BULAWAYO Provincial Affairs minister Eunice Sandi Moyo has come under fire from pressure groups in the city over her refusal to back proposals that locals be given preference in employment and education opportunities.
The group said Moyo’s statements in the National Assembly last week showed that she was not in touch with developments in her province.
Mbuso Fuzwayo, secretary-general of Ibhetshu Likazulu, accused Moyo of perpetuating marginalisation of locals and fuelling unemployment in Bulawayo.
He said she was quick to draw the tribal card to hide her glaring incompetency.
“Her remarks are not surprising at all. She was obviously singing for her supper and securing future appointments and not wanting to disturb the status quo,” said Fuzwayo.
“Moyo is safeguarding and representing the interests of her master at the expense of Matabeleland people. She is only saying she is not a tribalist as a means of shielding herself.
“She wants to appear as a nationalist safeguarding the non–existent unity accord,” he added.
“If the unity accord is binding, why is that politicians are talking about it only in Matabeleland and not in other areas?
“Does she think she can be appointed a governor in Mashonaland East and expect people there to accept that?
“Does she expect people from Bulawayo to troop to Manicaland and be enrolled in tertiary institutions there?
“We suffer from lack of representation and she should simply step down or at least make an apology,” Fuzwayo said.
Moyo told the National Assembly last week that she was not a tribalist hence she would not support calls for the people of Bulawayo to get preference in employment, training or education in the province’s institutions.
She was responding to questions posed by MDC-T MPs Ruth Labode and Dorcas Sibanda who had asked her to respond to concerns that Bulawayo residents were often overlooked for jobs and places at institutions of higher learning.

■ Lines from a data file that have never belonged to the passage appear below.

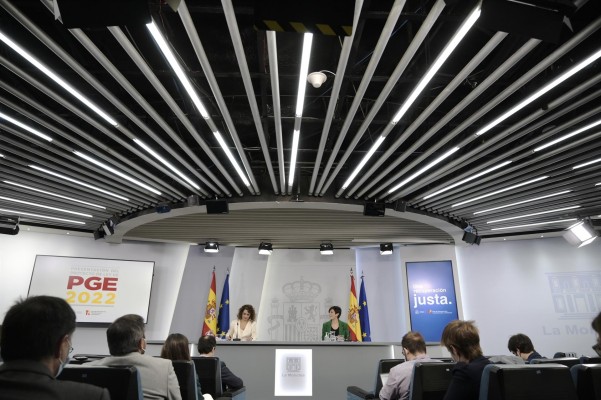  La partida destinada al desempleo cae un 10,2% y el pago de intereses de la deuda se reduce casi un 5%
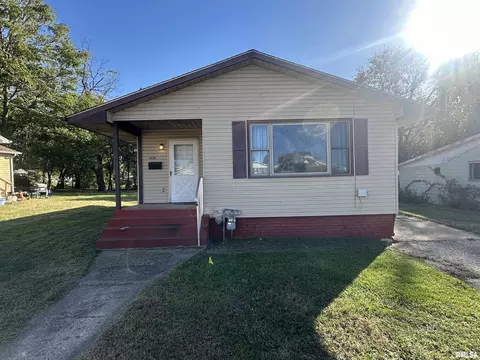 1030 W Berrien St, Galesburg, IL 61401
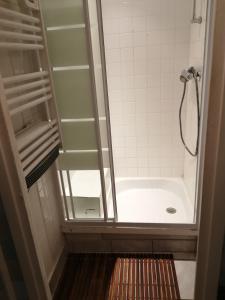 Koupelna v ubytování appartement type f2 proche PARIS 25 KM
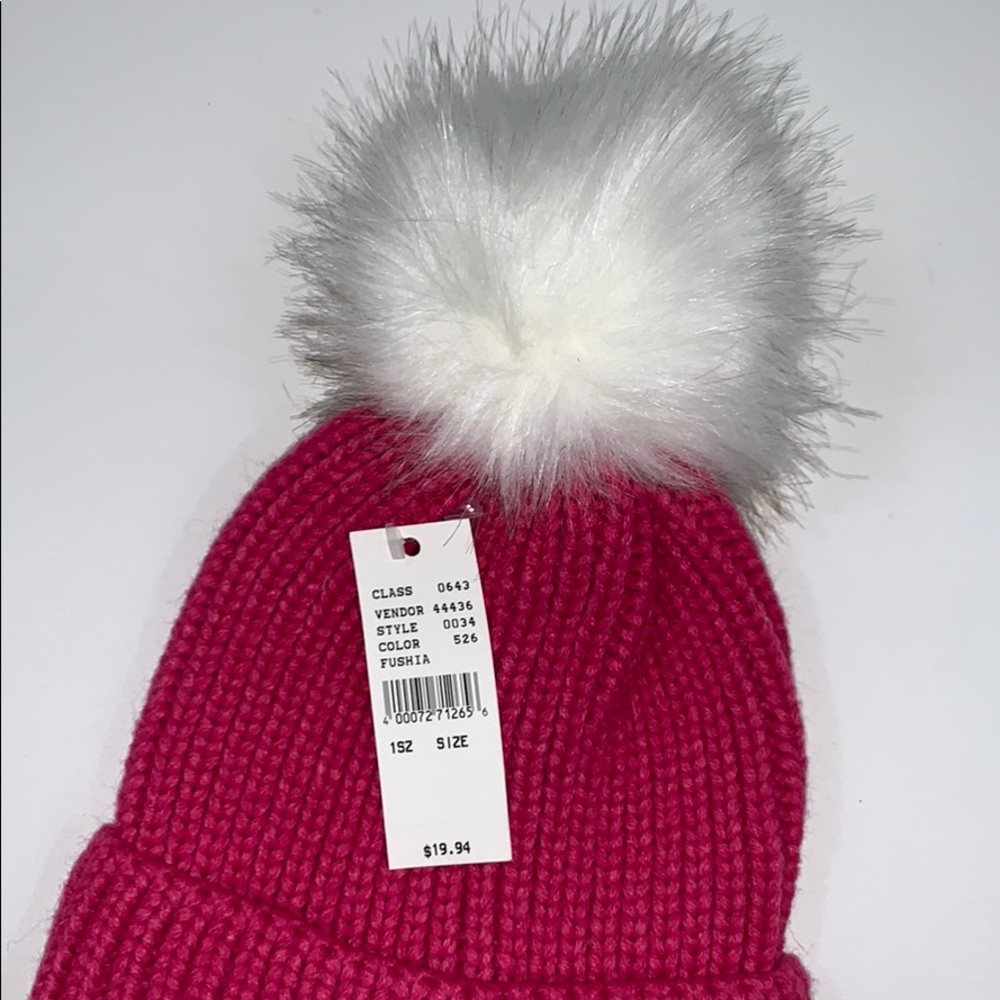 Fuchsia hat with white fur ball 20 - Picture 2 of 3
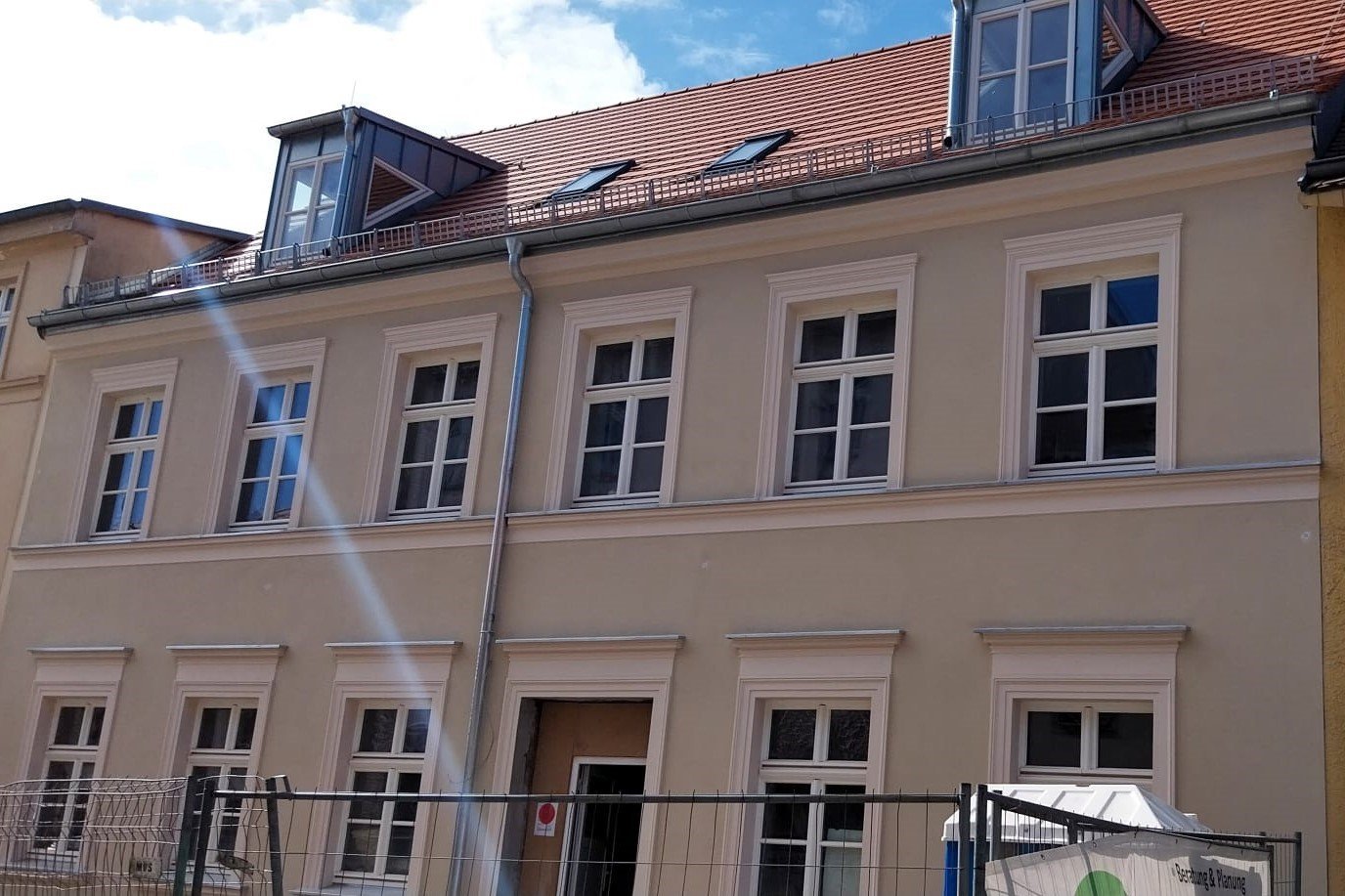 Außenansicht von vorne der Erich-Mühsam-Straße 4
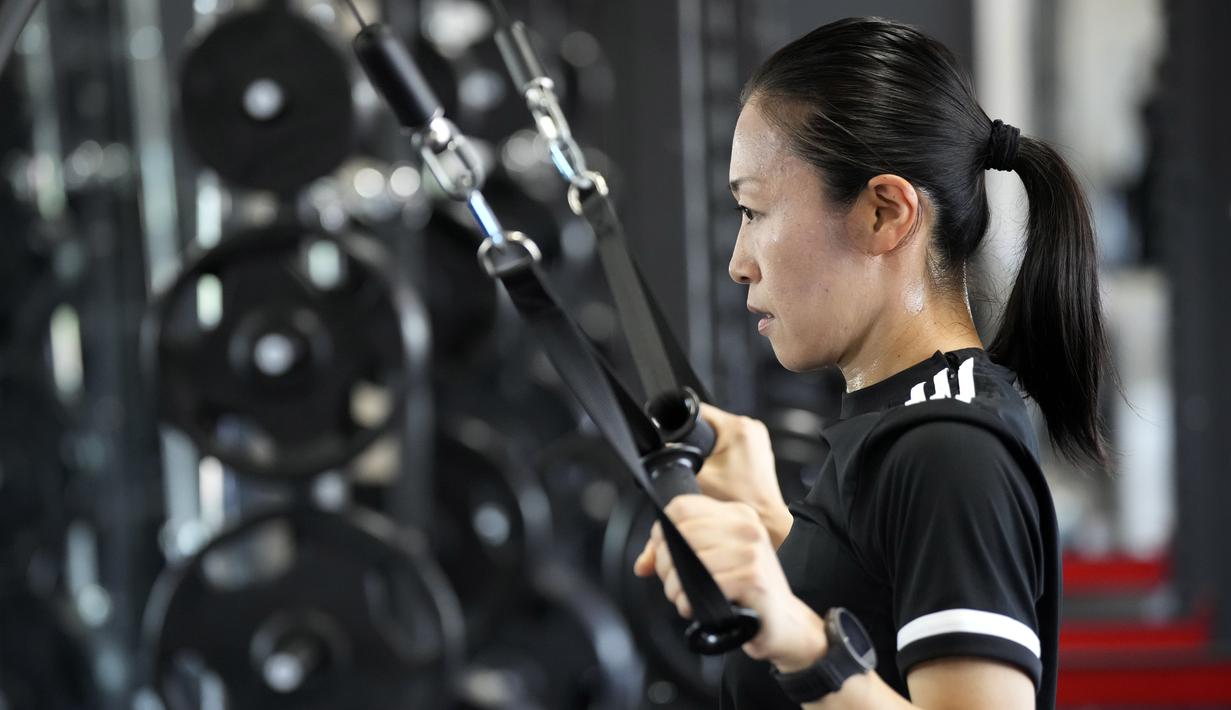 Menurut FIFA, menggunakan wasit perempuan di Piala Dunia 2022 bukan sekadar upaya kesetaraan. Melainkan juga sebagai landasan agar penggunaan wasit wanita kembali diterapkan di beberapa turnamen sepak bola antarnegara berikutnya. (AP Photo/Eugene Hoshiko)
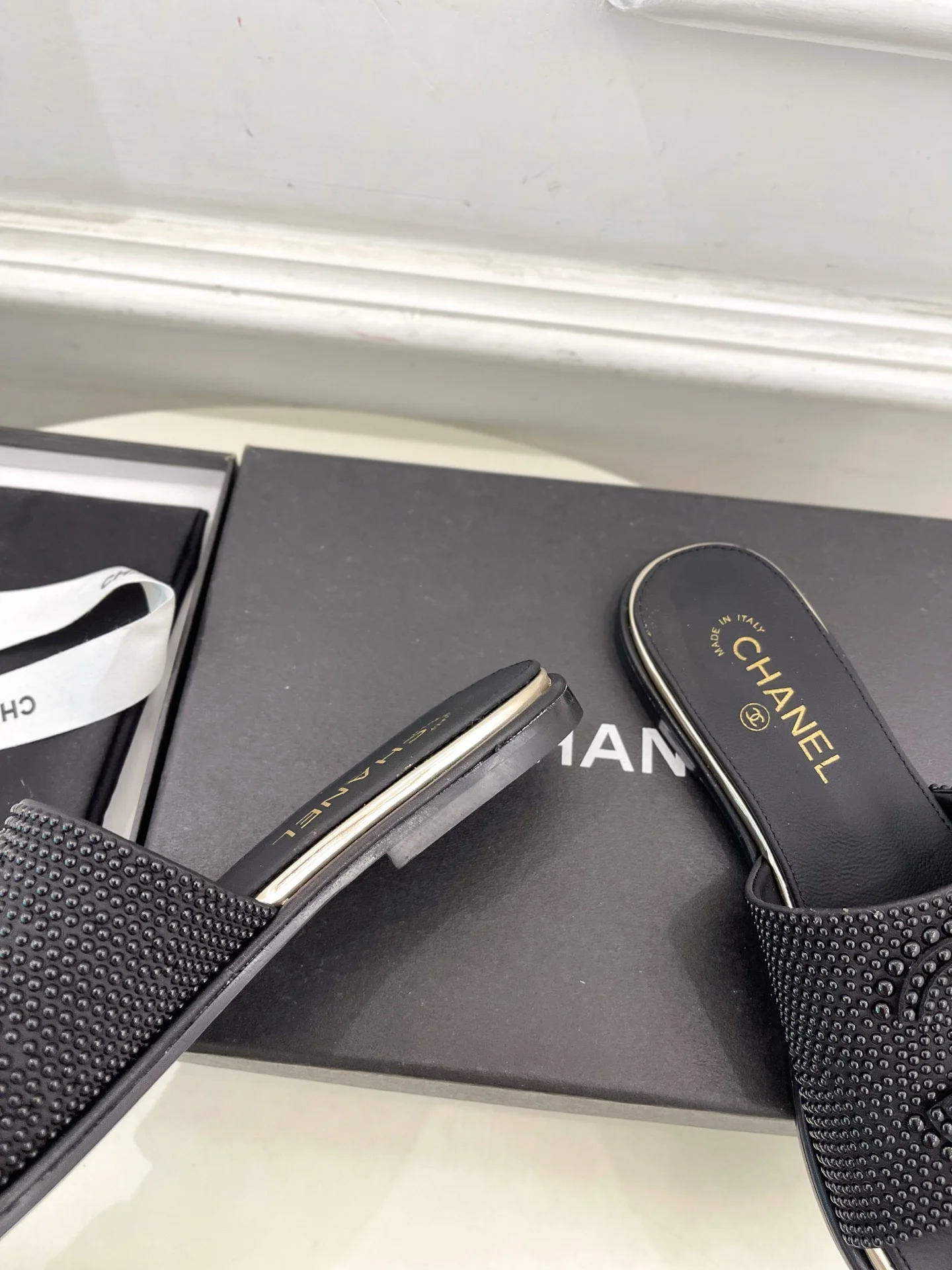 25 춘하 신상 진주 더블 C 플랫 슬리퍼 (2color) 상세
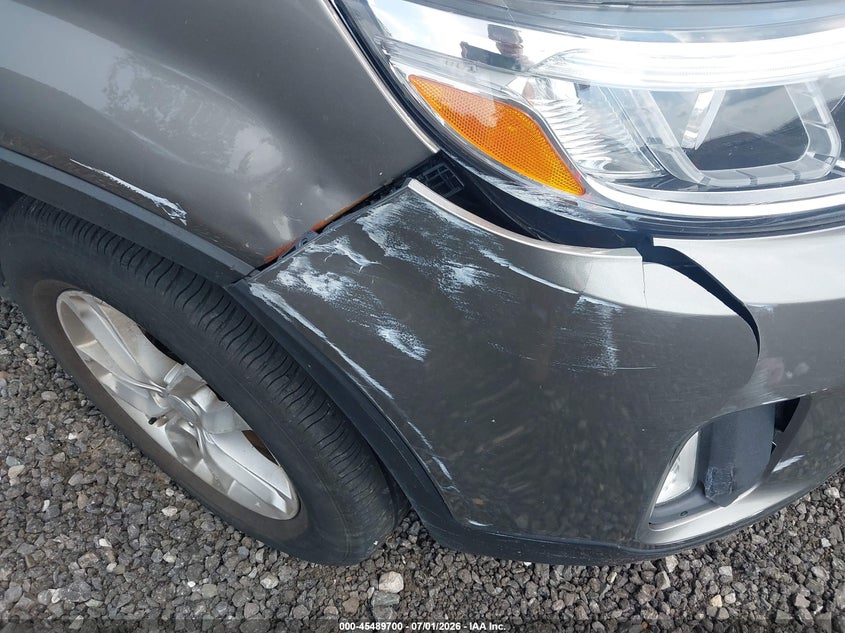 2015 Kia Sorento VIN 5XYKTDA68FG583043 IAAI salvage auction — NORMAL WEAR, Clear (New York), sold $800 on 2026-07-28 (photo 6)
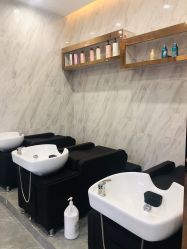 -V HAIR SALON造型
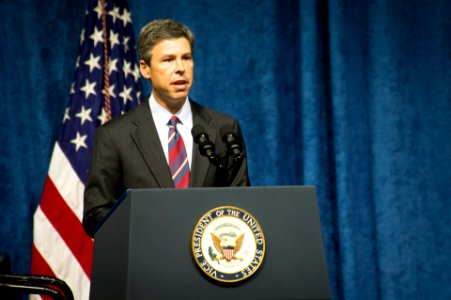 120110-N-AT895-153 (20610035895)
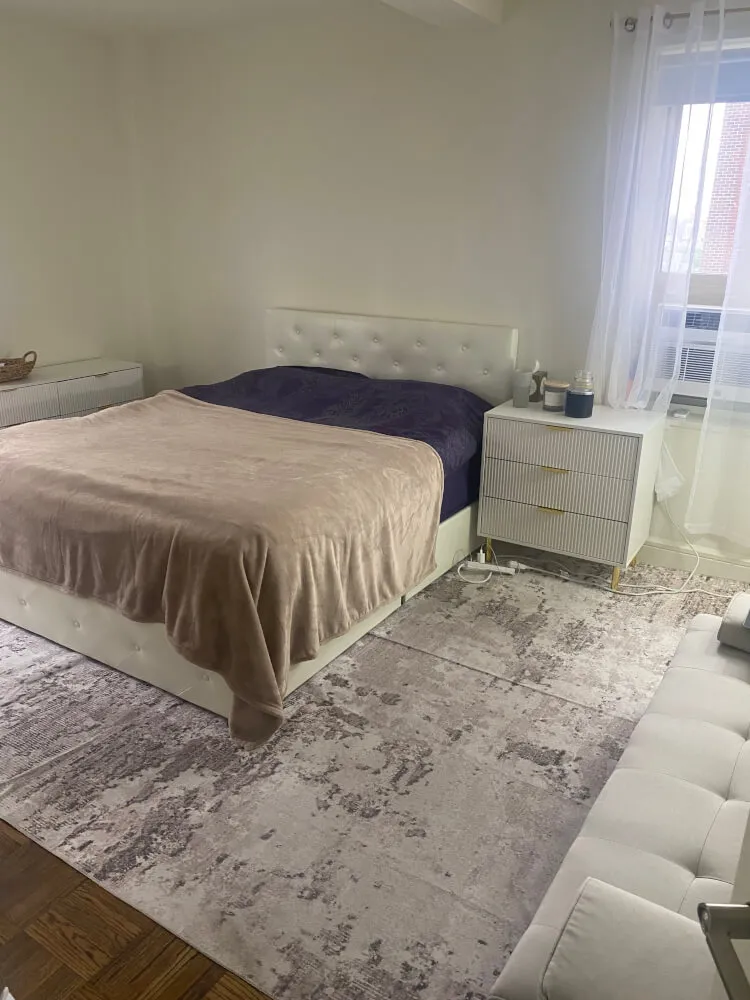 Huge room in Stuytown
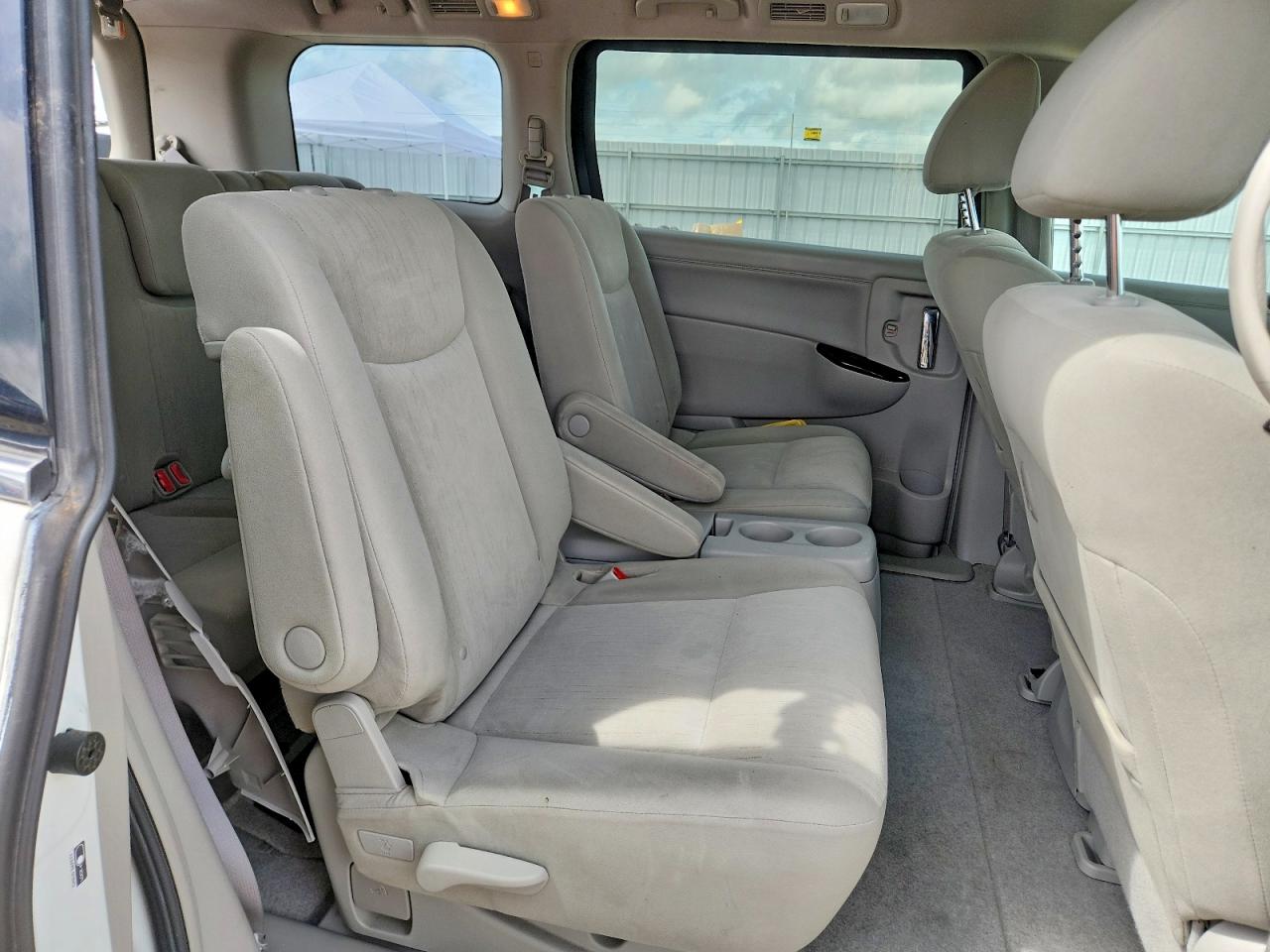 2011 NISSAN QUEST
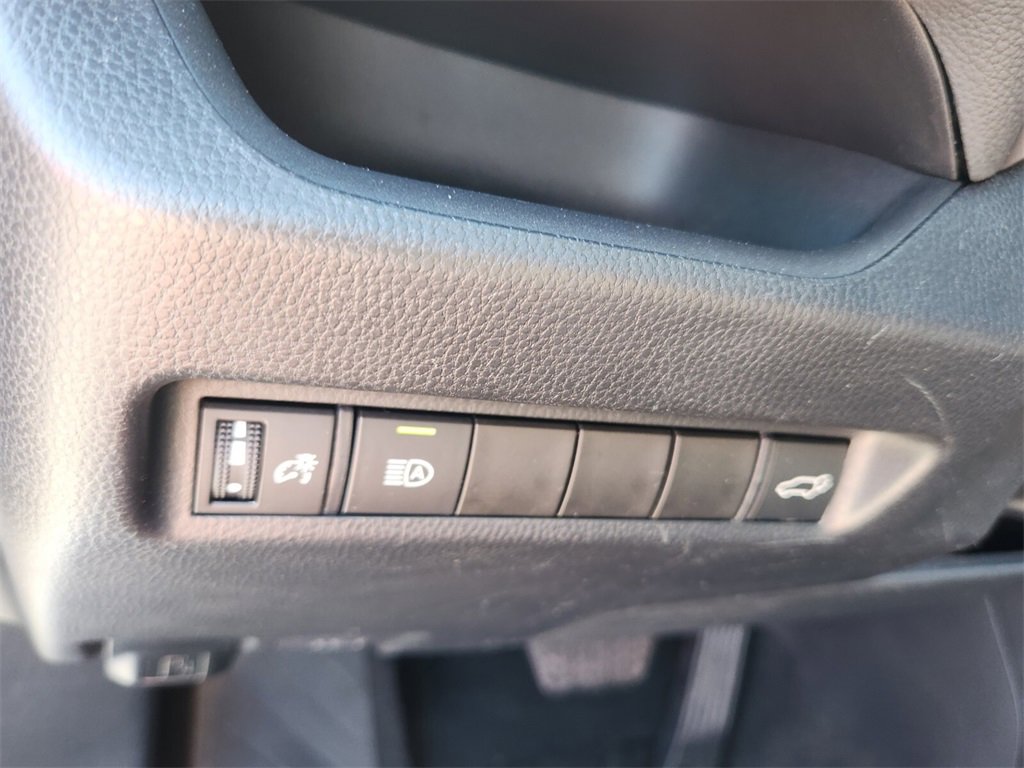 Used 2022 Toyota RAV4 XLE image 13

Khanyile Mlotshwa, a post-graduate media studies student at Rhodes University in South Africa said Moyo simply admitted that she was not a leader.
“It is not clear if at all Moyo understood the questions from the MPs. It is also not clear what she meant when she said she is not a tribalist,” he said.
“The questions by the MPs were around leadership, what she is doing as the political head of Bulawayo province to take care of Bulawayo citizens.
“It is clear that the questions were on her leadership efforts. In that context then, her response that she is not a tribalist is simply an admission that she is not a leader.
“Issues of courage do not arise in this context; she is simply not a leader.”
Mlotshwa added that the claim that she was not a tribalist, when no one had accused her of tribalism, was just an excuse for her dereliction of duty.
“In her role as a presidential appointee, the only thing she is prepared to do is to withdraw her salary from the bank only,” he said.
Earlier this month, a Bulawayo magistrate convicted leaders of a local pressure group, Mthwakazi Resolution, for staging an illegal protest after they demonstrated against alleged plans by Zesa to hire 300 general labourers from outside the city last year.